Esta marca bastante desconocida solamente es vendida en República Dominicana e Italia, e incluso en esos países es poco conocida. Pero en un viaje a RD lo adquirí en vitola corona y me encantó. Al poco tiempo me contactó la marca para que probara el belicoso y, aunque pensé que no podría ser mejor, me convenció a la primera calada.

3. Stolen Throne – Crook of the Crown

Una muestra que me envió la gente de Cigar Federation fue suficiente para hacerme comprador regular de esta pequeña marca, que creo apenas tiene 3 líneas. El Crook of the Crown tiene la particularidad que su capa San Andrés está madurada durante nada menos de 10 años, lo cual le da una complejidad increíble y tan solo en robusto constituye una fumada espectacular.

4. Casa Turrent – Serie 1901

Hubiese sido absurdo que la familia que maneja las plantaciones de la capa San Andrés no se llevara la mejor parte de las hojas para su propia producción. En verdad no sé qué tan mejor son las que se quedan vs. las que se venden, pero este es el cuarto producto de la marca que he probado y con este me quedo. No obstante, el Serie 1880 no está nada mal. Cada cigarro de esta Serie lleva el año de nacimiento de uno de los patriarcas de la familia.

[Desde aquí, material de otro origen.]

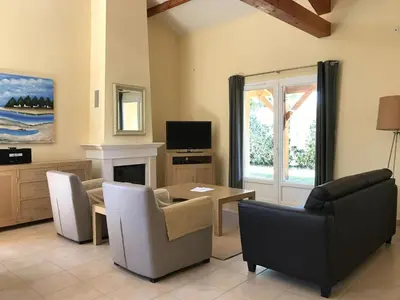 Télévision ou salle de divertissement dans l'établissement Villa in Les Forges with Golf & Pool Access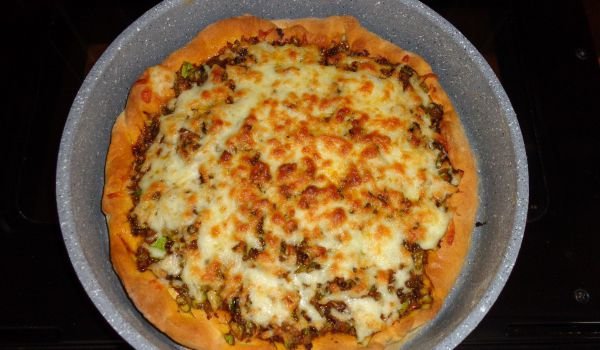 Пай с тиквички и млечен чеснов сос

5. AJ Fernandez – San Lotano Requiem Maduro

San Lotano como producto en sí es uno que siempre he respetado y admirado dentro de las líneas de AJ Fernandez, pero esta Requiem y su versión Maduro es un nuevo aprendizaje de mi parte y uno que entiendo es de los mejor vendidos de la marca. Hay varias personas que me han comentado que algunos productos de AJF se han desmejorado con el aumento de producción, pero todos coinciden en que el San Lotano Requiem Maduro es demasiado bueno para cambiar.

Mención especial:

Un par de cigarros que me han gustado bastante pero su producción o puntaje no los hace parte el Top 5, pero que no puedo dejar de mencionar, son:

Cigar Federation – Risqué Maduro: Casi todos los productos de Cigar Federation son brutalmente limitados y esto hace que rara vez los considere como fumadas evaluables, precisamente porque son producciones de menos de 500 cigarros en total. Creo que la producción el Risqué Maduro no alcanzó ni los 300, pero fue un cigarro que me encantó y aunque normalmente está agotado en la página web de Cigar Federation, cada cierto tiempo entro a buscarlo de nuevo.

El Viejo Continente – Maduro: Un producto de Daniel Guerrero, a quien tuve la suerte de conocer online hace unos años y con quien me llevé muy bien, su producto Maduro me pareció increíble cuando lo probé y aún más cuando pude encontrarlo de manera medio regular en USA. No está en el Top 5 porque su puntuación final lo coloca por debajo de los mencionados, pero su calidad y su consistencia lo hace merecedor de una mención, sin duda.

Esta lista, al igual que todas las demás, no es definitiva. Simplemente define mis gustos hasta la fecha y es muy posible que en unos 6 meses sea algo distinta, pero así es el tabaco y es lo que nos encanta de ello.